History Of The Building
In April 1750, having bought the tenement and garden which had existed on the site since 1707, Robert Reid, – a Haddington stonemason who had worked with General Wade building military roads and bridges in Scotland, – successfully petitioned the Dean of Guild Court to rebuild the property.
The extravagant little building which he designed is now home to Carlyle House Café.
It is an important 18th Century Classical building with rich Corinthian detailing on the exterior. Its north-facing façade has a flamboyant miniature palace frontage with ashlar masonry and raised quoin ends. The building was originally designed to house a shop on each side of the central pend which led to a close behind, where there was a stable and a garden. The gated archway which forms the entrance to the Café was an enclosed passageway leading from the front of the building right through to the yard behind.
On The Inside
The first floor, which provided residential accommodation, was accessed from a separate staircase to the rear of the building. On the north side, it contains one of the building’s most interesting and spectacular rooms, – a large room which looks across the High Street through five astragal windows, as well as looking down the High Street through a smaller window on the eastern elevation.
The east and west shops on the ground floor, and the upper floor were sold in 1797.

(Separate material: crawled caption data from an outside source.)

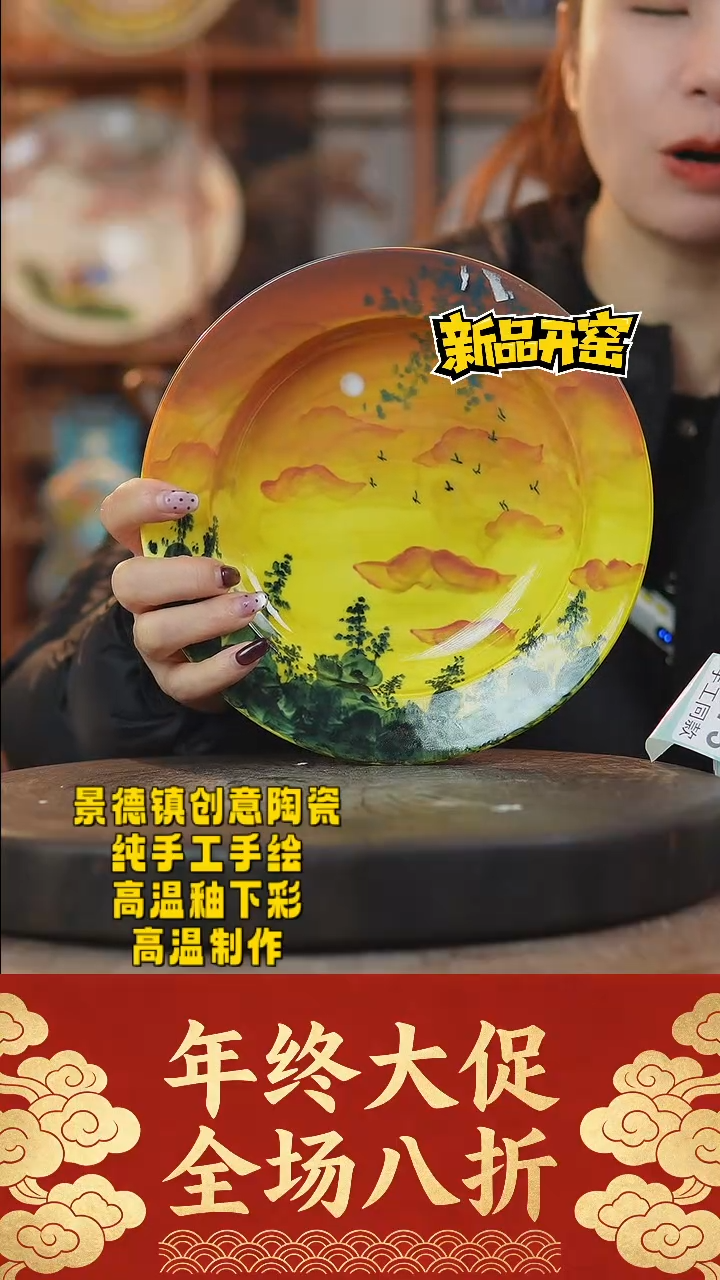 其他陶973景德镇陶瓷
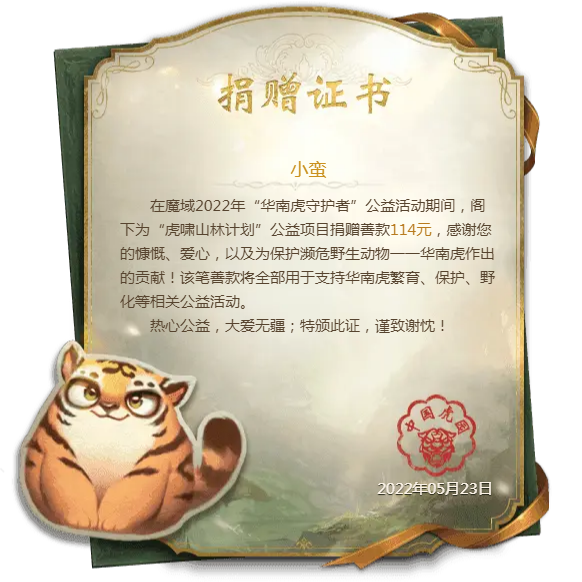 小蛮向“虎啸山林”公益项目捐赠善款114元！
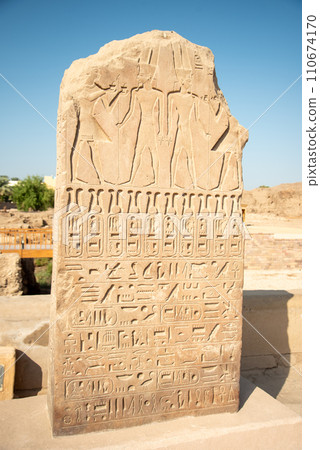Beautiful landscape of Karnak temple in Luxor, Egypt Beautiful landscape of Karnak temple in Luxor, Egypt 110674170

The stable to the rear was bought by a certain Hay Smith. It was probably he who pulled it down and built the new house in the garden behind what is now Carlyle House Cafe, and which was eventually to become the home of John Grace Welsh. The two houses, thereafter known as the fore-tenement and the rear-tenement, were linked by a building containing domestic offices. This building disappeared when Carlyle House was restored by East Lothian Council in 1962.
In 1802, both front and rear properties were bought by a Haddington writer, David Rochead, who sold the front building to Dr John Welsh, – Jane Baillie Welsh Carlyle’s father. In 1806, Dr Welsh bought the rear building and its surrounding garden. He then sold the front building but continued to use the east shop as his surgery.
The building passed through a number of different owners’ hands over the centuries, but was offered for sale by its last owners East Lothian Council, in 2010. The current owners converted it from offices and meeting rooms into the Café/Restaurant and Private Dining Room you see today.